New START treaty

New START treaty

#GS 01 World History, #GS 02 International Relations

For Prelims

New START treaty

  • New START Treaty was signed in Prague by US and Russia on 8 April 2010, as a replacement to the START (Strategic Arms Reduction Treaty).
  • The New START Treaty is the only bilateral agreement currently existing between the US and Russia and it limits the number of nuclear warheads that can be deployed by Russia and United States.
  • The New START Treaty entered into force on February 5, 2011 and was supposed to expire in February 2021.
  • The United States and the Russian Federation have presently agreed to extend the treaty till February 4, 2026.
  • The treaty also includes a standard withdrawal clause that is found in most arms control agreements.
  • Both the United States and the Russian Federation have met the limits of the New START Treaty by February 5, 2018, and have stayed at or below them ever since.
  • Due to the rising tension between the US and Russia, each have been accusing the other of not complying with the treaty.

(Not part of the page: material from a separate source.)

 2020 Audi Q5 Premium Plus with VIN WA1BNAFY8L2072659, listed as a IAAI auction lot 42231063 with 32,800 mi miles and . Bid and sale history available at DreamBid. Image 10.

Strategic Arms Reduction Treaty

  • START was the precursor to the New START treaty and was signed in 1991 and entered into force on 5 December 1994.
  • The treaty required the destruction of excess delivery vehicles which was to be verified using an intrusive verification regime that involved on-site inspections, the regular exchange of information (including telemetry), and the use of national technical means (i.e., satellites).